Recently had a client test KVM / oVirt as an alternative virtual environment. During testing we noticed that ClusterXL was repeatedly failing or just not forming a cluster. The active member could not detect the standby members status.
Debug ClusterXL output
;28Aug2018 14:50:31.269123;[cpu_6];[fw4_1];FW-1: check_other_machine_activity: calling fwldbcast_died for ID 0;
;28Aug2018 14:50:31.269138;[cpu_6];[fw4_1];FW-1: fwha_notify_interface: IF_IP_BY_HANDLE(ffff81023de270c0, 1)=10.121.47.131;
;28Aug2018 14:50:31.269145;[cpu_6];[fw4_1];FW-1: fwha_notify_interface: IF_IP_BY_HANDLE(ffff81023d856440, 2)=10.121.34.131;
;28Aug2018 14:50:31.269151;[cpu_6];[fw4_1];FW-1: fwha_notify_interface: IF_IP_BY_HANDLE(ffff81023d54fc40, 3)=10.121.36.131;
;28Aug2018 14:50:31.369011;[cpu_6];[fw4_1];FW-1: check_other_machine_activity: calling fwldbcast_died for ID 0;
;28Aug2018 14:50:31.469934;[cpu_6];[fw4_1];FW-1: check_other_machine_activity: calling fwldbcast_died for ID 0;
;28Aug2018 14:50:31.570847;[cpu_6];[fw4_1];FW-1: check_other_machine_activity: calling fwldbcast_died for ID 0;
;28Aug2018 14:50:31.670768;[cpu_6];[fw4_1];FW-1: fwha_report_id_problem_status: State (DOWN) reported by device Interface Active Check (non-blocking) (ID 1 time 85773.7);
;28Aug2018 14:50:31.670773;[cpu_6];[fw4_1];FW-1: id_blocking_state: check (0) (1) (4) ;
;28Aug2018 14:50:31.670774;[cpu_6];[fw4_1];FW-1: id_blocking_state: check (1) (1) (4) ;
;28Aug2018 14:50:31.670775;[cpu_6];[fw4_1];FW-1: id_blocking_state: check (2) (1) (4) ;
;28Aug2018 14:50:31.670776;[cpu_6];[fw4_1];FW-1: id_blocking_state: check (3) (1) (4) ;
;28Aug2018 14:50:31.670778;[cpu_6];[fw4_1];FW-1: id_blocking_state: check (4) (1) (4) ;
;28Aug2018 14:50:31.670779;[cpu_6];[fw4_1];FW-1: fwha_report_id_problem_status: Blocking state (ACTIVE) not changed by state DOWN from Interface Active Check (ID 1);
;28Aug2018 14:50:31.670788;[cpu_6];[fw4_1];FW-1: check_other_machine_activity: calling fwldbcast_died for ID 0;
;28Aug2018 14:50:31.770675;[cpu_6];[fw4_1];FW-1: check_other_machine_activity: calling fwldbcast_died for ID 0;
;28Aug2018 14:50:31.870573;[cpu_6];[fw4_1];FW-1: check_other_machine_activity: calling fwldbcast_died for ID 0;
;28Aug2018 14:50:31.970513;[cpu_6];[fw4_1];FW-1: check_other_machine_activity: calling fwldbcast_died for ID 0;
From a testing point of view we looked at a number of things including moving the 2 members to the same physical host device. Nothing resolved this inconsistency. We finally were looking at the switching network environment and noted that the MAC's we were trying to communicate with were either not listed in the MAC address table or not pointing to where they should be.

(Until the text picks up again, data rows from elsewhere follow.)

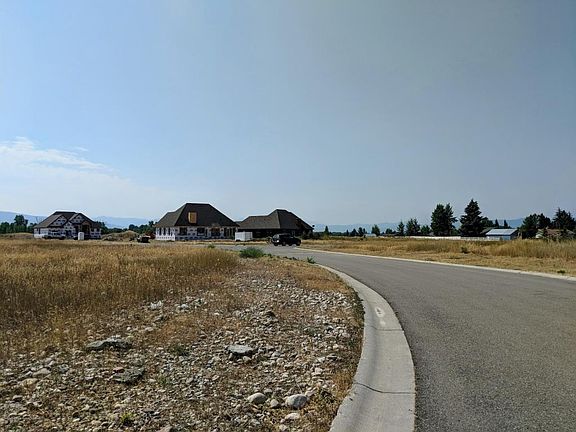4th image of 185 Sagewood Dr
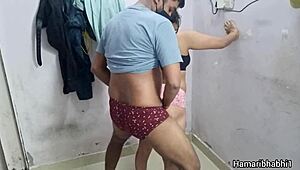 सेक्सी इंडियन आंटी द्वारा देसी चूत जोर से चोदी गई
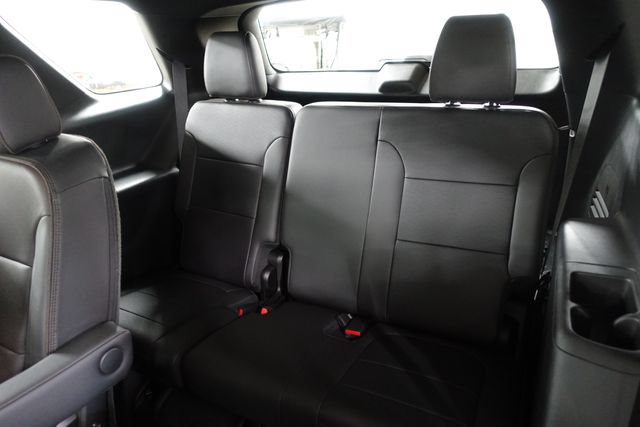 Used 2023 Chevrolet Traverse High Country w/ LPO, Floor Liner Package AWD/4WD image 22
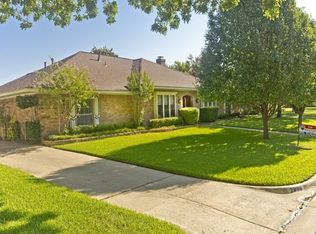 2809 Millbrook Ct, Arlington, TX 76012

Testing lead us to look at anti spoofing capabilities of oVirt. oVirt and for that matter most hypervisors KVM or otherwise enable an anti MAC spoofing rule to prevent one VM from taking over the traffic of another VM. In our case with clustering that is exactly what we wanted to happen.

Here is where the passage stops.